Please return all of the data exactly as written.

[Short web captions]
========
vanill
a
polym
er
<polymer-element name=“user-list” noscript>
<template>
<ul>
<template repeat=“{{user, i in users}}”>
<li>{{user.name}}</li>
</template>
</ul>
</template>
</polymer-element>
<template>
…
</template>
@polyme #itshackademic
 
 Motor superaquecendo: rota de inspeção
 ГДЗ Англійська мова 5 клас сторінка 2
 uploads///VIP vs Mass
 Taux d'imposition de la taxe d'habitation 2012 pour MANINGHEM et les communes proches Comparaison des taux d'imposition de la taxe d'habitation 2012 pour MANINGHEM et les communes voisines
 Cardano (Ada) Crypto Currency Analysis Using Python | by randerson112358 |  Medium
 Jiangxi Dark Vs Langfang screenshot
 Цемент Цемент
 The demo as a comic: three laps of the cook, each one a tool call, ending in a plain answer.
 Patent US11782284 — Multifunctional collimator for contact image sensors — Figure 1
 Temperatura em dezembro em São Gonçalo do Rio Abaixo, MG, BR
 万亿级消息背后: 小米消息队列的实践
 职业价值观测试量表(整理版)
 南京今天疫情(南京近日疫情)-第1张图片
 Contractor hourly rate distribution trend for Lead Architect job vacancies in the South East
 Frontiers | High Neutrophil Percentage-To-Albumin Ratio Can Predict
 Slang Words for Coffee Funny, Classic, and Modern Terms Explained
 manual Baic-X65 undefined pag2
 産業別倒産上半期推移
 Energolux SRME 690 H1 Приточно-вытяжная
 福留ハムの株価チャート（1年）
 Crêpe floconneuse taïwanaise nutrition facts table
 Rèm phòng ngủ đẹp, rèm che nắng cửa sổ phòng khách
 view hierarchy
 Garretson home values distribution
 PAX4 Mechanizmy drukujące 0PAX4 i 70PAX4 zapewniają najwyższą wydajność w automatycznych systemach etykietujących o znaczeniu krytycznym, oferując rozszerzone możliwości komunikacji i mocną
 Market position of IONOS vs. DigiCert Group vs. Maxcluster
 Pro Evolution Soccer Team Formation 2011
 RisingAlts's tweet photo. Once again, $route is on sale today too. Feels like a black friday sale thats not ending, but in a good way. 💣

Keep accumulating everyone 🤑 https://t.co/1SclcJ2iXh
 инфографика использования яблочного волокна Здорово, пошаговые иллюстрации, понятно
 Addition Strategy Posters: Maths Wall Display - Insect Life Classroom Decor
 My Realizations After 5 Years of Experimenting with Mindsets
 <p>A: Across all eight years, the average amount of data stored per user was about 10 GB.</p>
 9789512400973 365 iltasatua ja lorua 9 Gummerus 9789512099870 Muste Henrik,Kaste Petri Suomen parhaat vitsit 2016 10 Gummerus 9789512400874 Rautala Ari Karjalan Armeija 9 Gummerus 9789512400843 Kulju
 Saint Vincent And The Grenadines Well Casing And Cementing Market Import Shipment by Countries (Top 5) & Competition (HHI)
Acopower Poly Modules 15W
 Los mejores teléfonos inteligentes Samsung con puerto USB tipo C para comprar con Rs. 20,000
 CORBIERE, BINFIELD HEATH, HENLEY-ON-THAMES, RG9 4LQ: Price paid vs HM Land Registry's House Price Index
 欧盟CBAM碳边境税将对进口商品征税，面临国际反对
========
**Task result**:
vanill
a
polym
er
<polymer-element name=“user-list” noscript>
<template>
<ul>
<template repeat=“{{user, i in users}}”>
<li>{{user.name}}</li>
</template>
</ul>
</template>
</polymer-element>
<template>
…
</template>
@polyme #itshackademic
 
 Motor superaquecendo: rota de inspeção
 ГДЗ Англійська мова 5 клас сторінка 2
 uploads///VIP vs Mass
 Taux d'imposition de la taxe d'habitation 2012 pour MANINGHEM et les communes proches Comparaison des taux d'imposition de la taxe d'habitation 2012 pour MANINGHEM et les communes voisines
 Cardano (Ada) Crypto Currency Analysis Using Python | by randerson112358 |  Medium
 Jiangxi Dark Vs Langfang screenshot
 Цемент Цемент
 The demo as a comic: three laps of the cook, each one a tool call, ending in a plain answer.
 Patent US11782284 — Multifunctional collimator for contact image sensors — Figure 1
 Temperatura em dezembro em São Gonçalo do Rio Abaixo, MG, BR
 万亿级消息背后: 小米消息队列的实践
 职业价值观测试量表(整理版)
 南京今天疫情(南京近日疫情)-第1张图片
 Contractor hourly rate distribution trend for Lead Architect job vacancies in the South East
 Frontiers | High Neutrophil Percentage-To-Albumin Ratio Can Predict
 Slang Words for Coffee Funny, Classic, and Modern Terms Explained
 manual Baic-X65 undefined pag2
 産業別倒産上半期推移
 Energolux SRME 690 H1 Приточно-вытяжная
 福留ハムの株価チャート（1年）
 Crêpe floconneuse taïwanaise nutrition facts table
 Rèm phòng ngủ đẹp, rèm che nắng cửa sổ phòng khách
 view hierarchy
 Garretson home values distribution
 PAX4 Mechanizmy drukujące 0PAX4 i 70PAX4 zapewniają najwyższą wydajność w automatycznych systemach etykietujących o znaczeniu krytycznym, oferując rozszerzone możliwości komunikacji i mocną
 Market position of IONOS vs. DigiCert Group vs. Maxcluster
 Pro Evolution Soccer Team Formation 2011
 RisingAlts's tweet photo. Once again, $route is on sale today too. Feels like a black friday sale thats not ending, but in a good way. 💣

Keep accumulating everyone 🤑 https://t.co/1SclcJ2iXh
 инфографика использования яблочного волокна Здорово, пошаговые иллюстрации, понятно
 Addition Strategy Posters: Maths Wall Display - Insect Life Classroom Decor
 My Realizations After 5 Years of Experimenting with Mindsets
 <p>A: Across all eight years, the average amount of data stored per user was about 10 GB.</p>
 9789512400973 365 iltasatua ja lorua 9 Gummerus 9789512099870 Muste Henrik,Kaste Petri Suomen parhaat vitsit 2016 10 Gummerus 9789512400874 Rautala Ari Karjalan Armeija 9 Gummerus 9789512400843 Kulju
 Saint Vincent And The Grenadines Well Casing And Cementing Market Import Shipment by Countries (Top 5) & Competition (HHI)
Acopower Poly Modules 15W
 Los mejores teléfonos inteligentes Samsung con puerto USB tipo C para comprar con Rs. 20,000
 CORBIERE, BINFIELD HEATH, HENLEY-ON-THAMES, RG9 4LQ: Price paid vs HM Land Registry's House Price Index
 欧盟CBAM碳边境税将对进口商品征税，面临国际反对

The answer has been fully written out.